Cuenta Ibsen Martínez que en los mentideros de Caracas todo el mundo se ha vuelto oncólogo, por tratar de adivinar cuánto le queda de vida al coronel populista. Unos descartan el cáncer de próstata, porque no se trata con quimioterapia, y aseguran que si han ocultado tanto el lugar exacto de “la lesión” es porque esta tiene que estar situada en una zona íntima y casi innombrable del cuerpo. Los más doctos hablan de “leiomiosarcoma de vejiga”; otros disertan sobre cistectomía, metástasis en el piso pélvico, y uso masivo de esteroides. Especulan los supuestos expertos, cuando hay algo tan simple: todos, hasta Chávez, nos vamos a morir, y no importa mucho si es dentro de seis meses o dentro de seis años.

Importa todo, me dirán: seis años o seis meses significan que debo invertir ahora, o no, en bonos de deuda venezolana. Esta semana, por cuenta de la “otra lesión en el mismo lugar de la lesión anterior”, los bonos venezolanos subieron de precio. Como la vida es corta, seis años parecen muchos. Pero la historia es larga, y así como pasaron Juan Vicente Gómez y Pérez Jiménez, así como Franco se hundió en la muerte, lo mismo ocurrirá con Chávez. De él —como de mí— yo sospecho que se va a morir. Y la muerte o el golpe es lo único que nos libra de los dictadores, los cuales, por definición, nunca se dejan deponer por los votos.
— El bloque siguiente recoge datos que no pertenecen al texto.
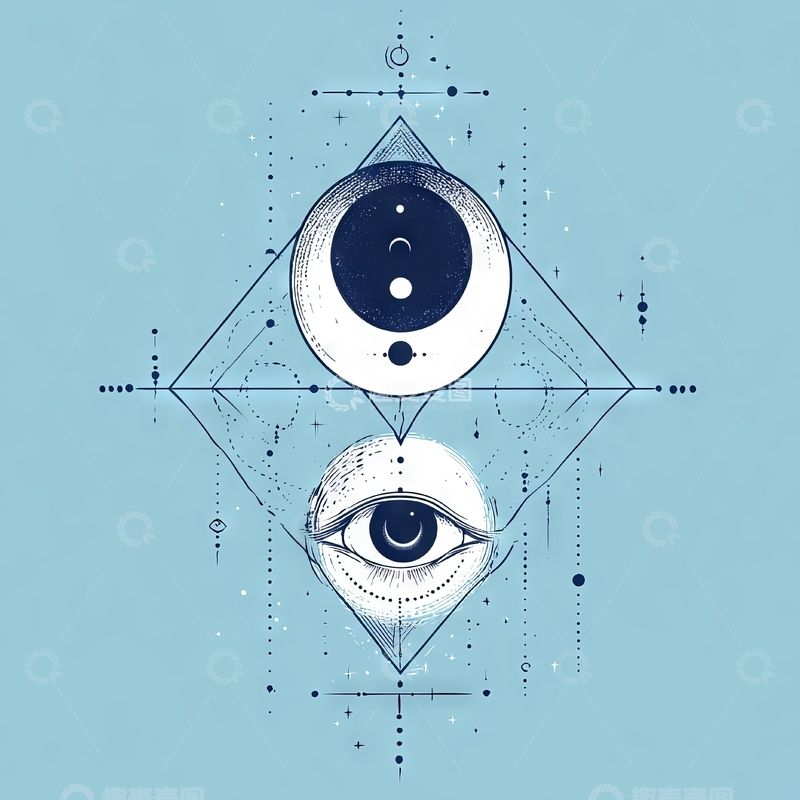 高清大图下载【趣麦麦图】神秘眼睛与几何图案的组合艺术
Para que el buen candidato Henrique Capriles pueda ganarle a Chávez las elecciones, no bastará con que saque más votos (pues unos pocos votos de más los desaparece el régimen): tiene que arrasar en las urnas. Y arrasar en las urnas a un presidente con el barril de petróleo a más de cien dólares, es una tarea ardua. Sin embargo hay síntomas y símbolos que dan esperanza: el primero es que ya es evidente que Chávez no es eterno. El mismo hecho de que él haya prohibido la palabra muerte en la consigna “patria o muerte”, revela con claridad qué es lo que más teme y cuál es su más próxima y probable derrota: la palabra omitida. Los venezolanos tendrán que escoger entre la vida de su país, con un hombre sano, que es Capriles, frente a un coronel enfermo, Chávez, que si bien no es la muerte personificada, sí es un paciente. Si Capriles es inteligente, deberá tratar al enfermo Chávez con el trato humano que todos los pacientes merecen: no alegría, sino compasión. Y es lo que está haciendo.